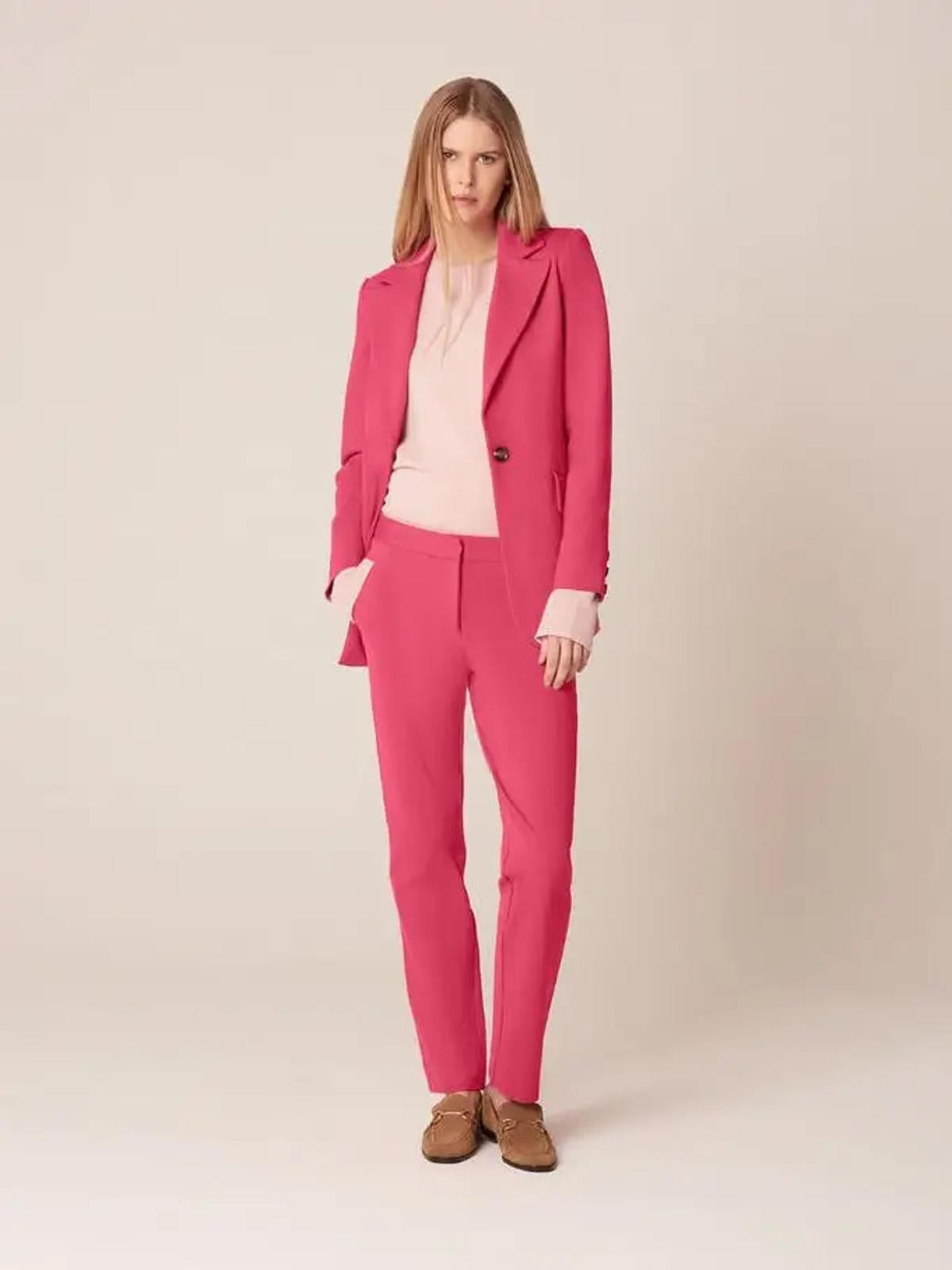 WINSER LONDON Jacket 12 Pink Buttons Ponte di Roma Long Sleeves Pockets BNWT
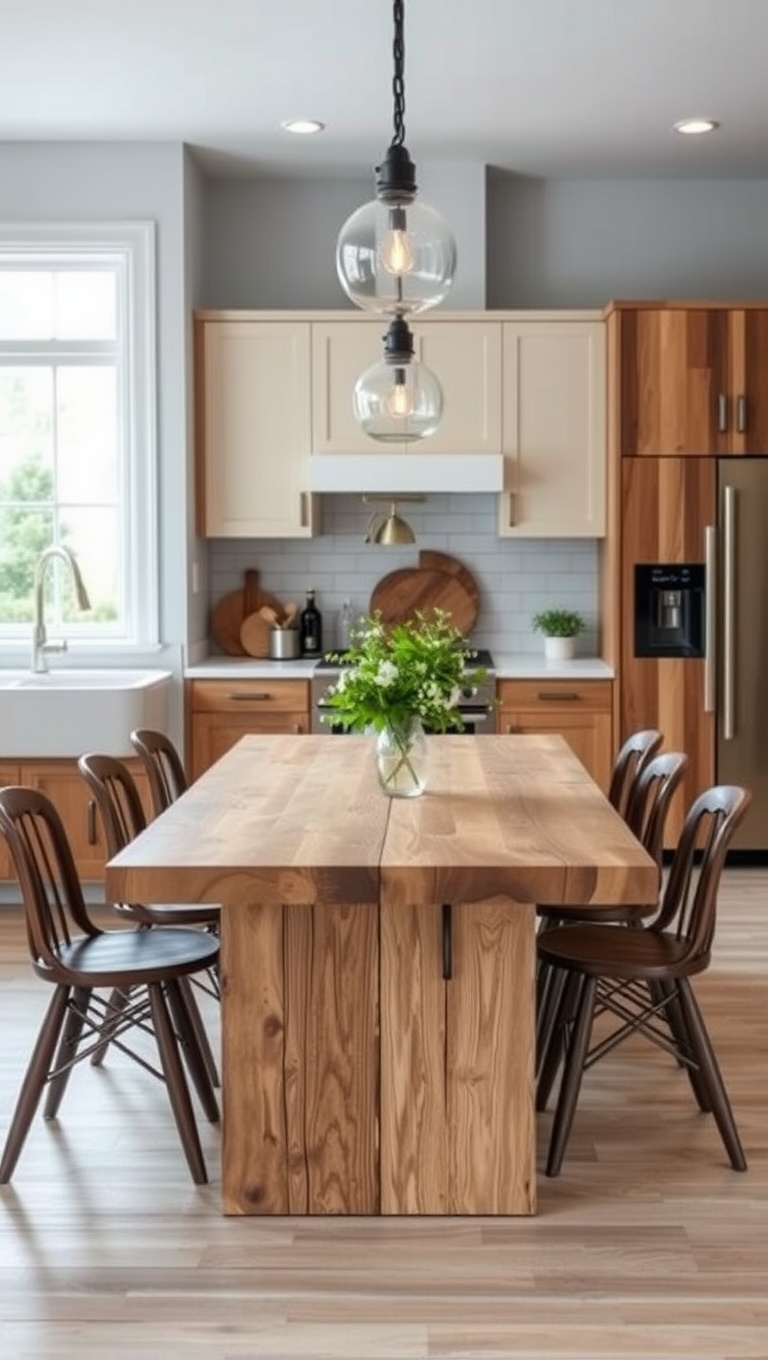 20 Stunning Ideas to Transform Your Kitchen with Reclaimed Wood Accents - 6. Vintage Reclaimed Wood Dining Table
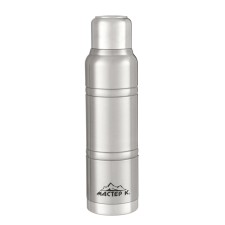 Thermos, 1.5 l, Warm master K., with a mug, with a strain, retains heat 24h, chrome, a case as a gift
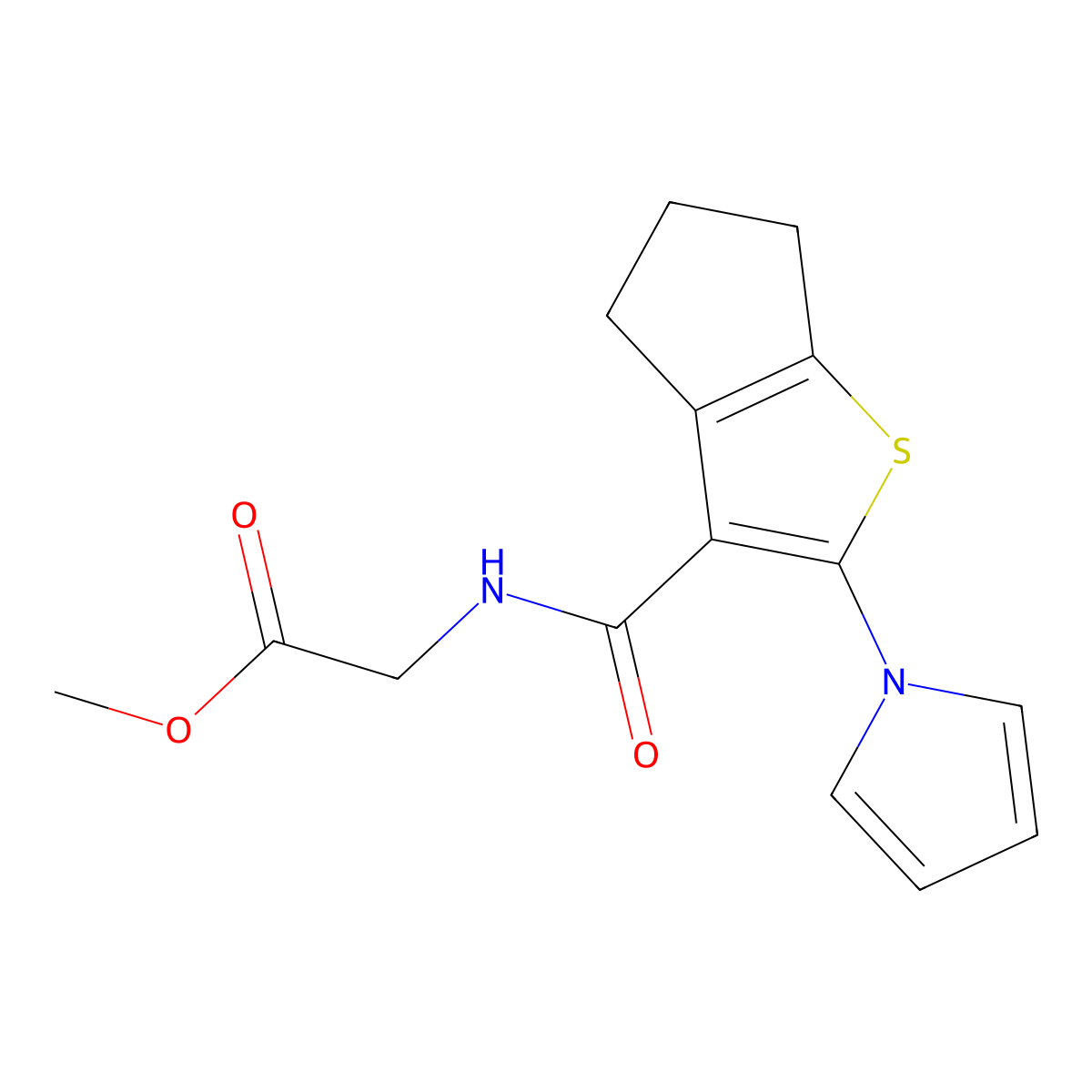 methyl N-{[2-(1H-pyrrol-1-yl)-5,6-dihydro-4H-cyclopenta[b]thiophen-3-yl]carbonyl}glycinate molecular structure, CAS 1190285-96-1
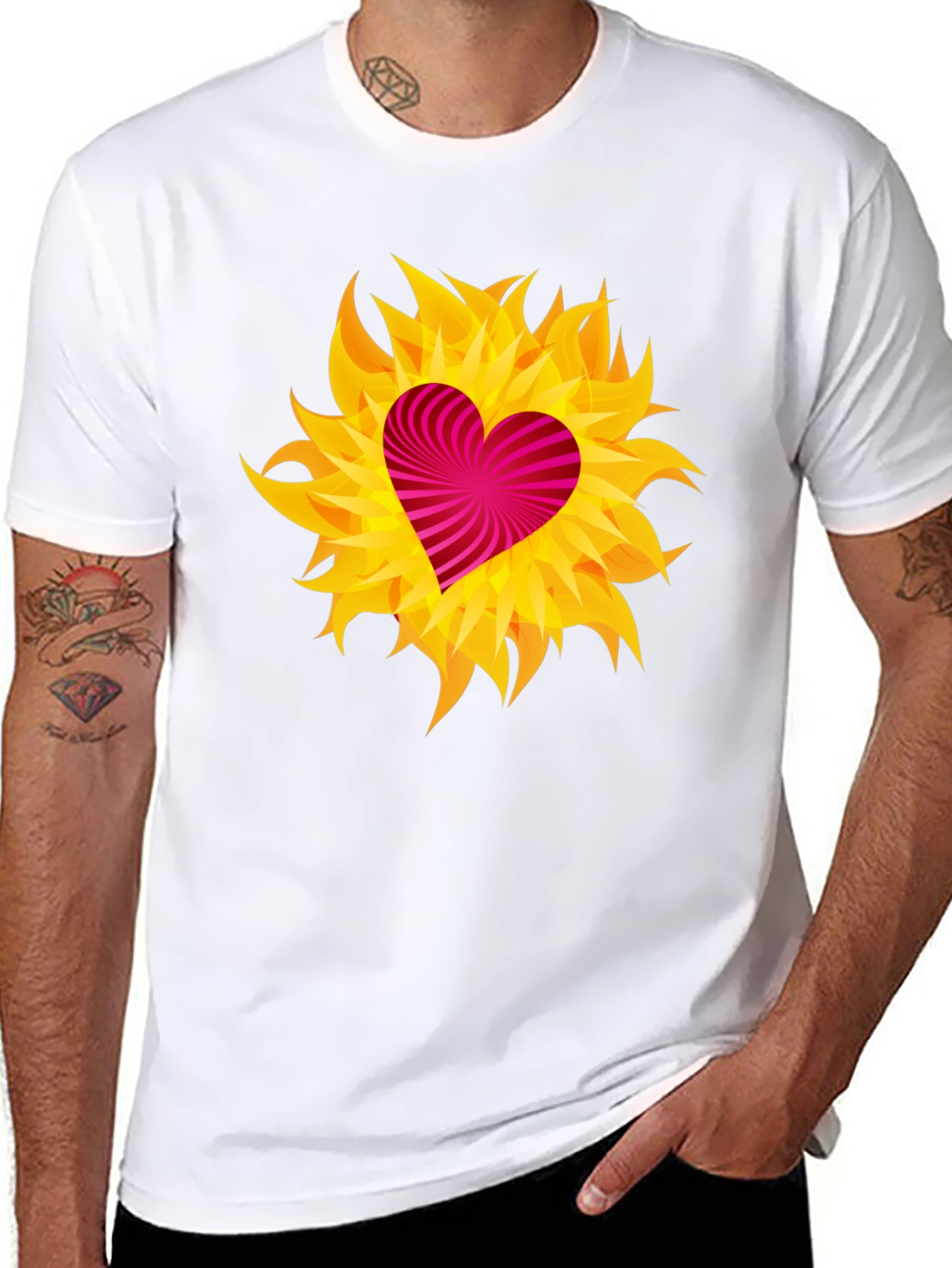 Heart Flame Graphic Tee - Black Cotton Shirt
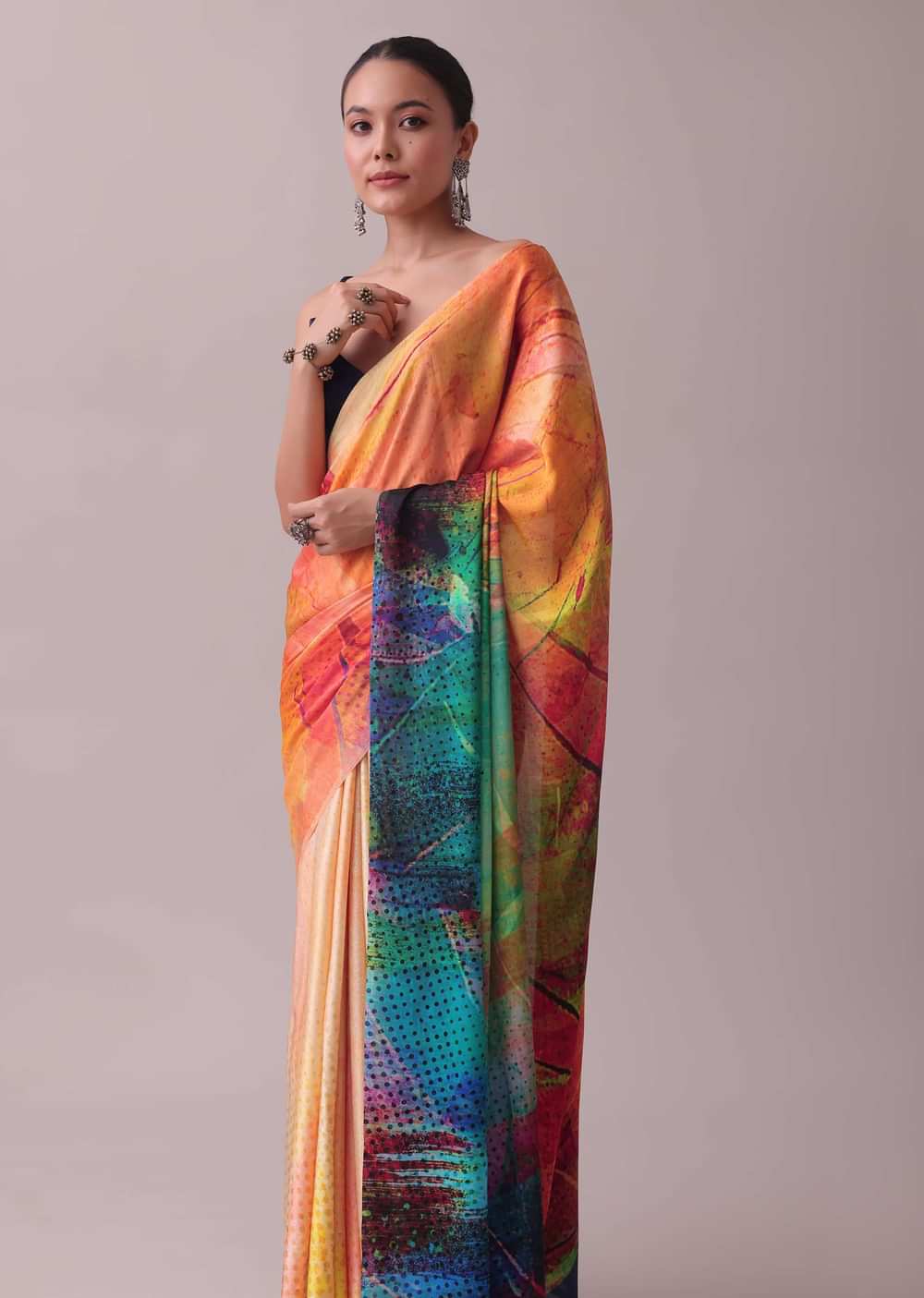 Multicolor Saree Fabricated In Satin With Abstract Print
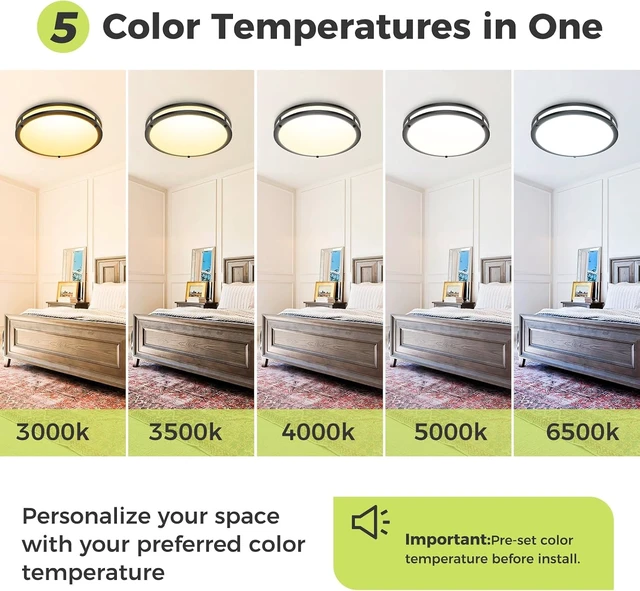 Alt view image 4 of 7 - hepside 13inch Flush Mount Ceiling Light Fixture 2 Pack, Dimmable & 5 Color Temperatures Ceiling Light Black, 24W 3000K 3500K 4000K 5000K 6500K Adjustable Ceiling Lamps for Bathroom Bedroom Hallway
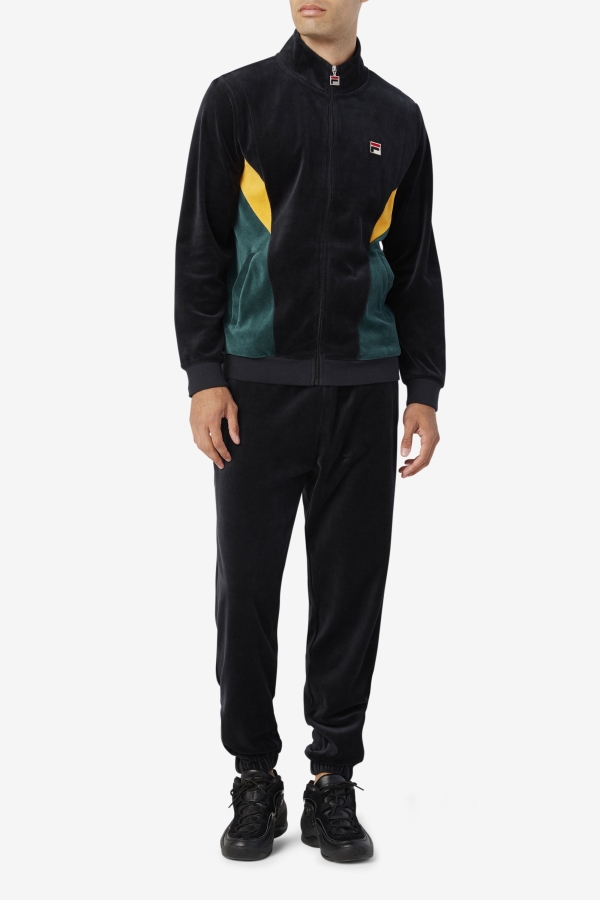 Marten Velour Jacket Black-June Bug-Golden Glow Fila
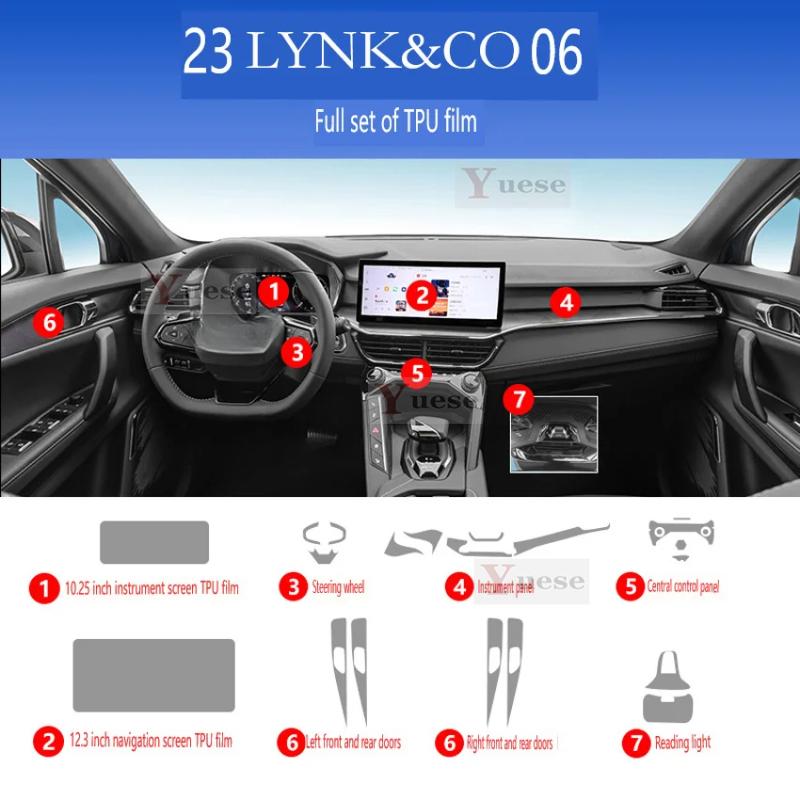 

Car Interior Protector Film Sticker Center Control Navigator Car Accessories TPU Transparent Film For LYNK&CO 06 -2024 Right Driver seat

WHAT YOU NEED TO DO: Could you restate exactly the lines from the line containing "Alt view image" through the end of the listing, both ends included and nothing else, leaving the images out?

RESPONSE:
 Alt view image 4 of 7 - hepside 13inch Flush Mount Ceiling Light Fixture 2 Pack, Dimmable & 5 Color Temperatures Ceiling Light Black, 24W 3000K 3500K 4000K 5000K 6500K Adjustable Ceiling Lamps for Bathroom Bedroom Hallway
 Marten Velour Jacket Black-June Bug-Golden Glow Fila

Car Interior Protector Film Sticker Center Control Navigator Car Accessories TPU Transparent Film For LYNK&CO 06 -2024 Right Driver seat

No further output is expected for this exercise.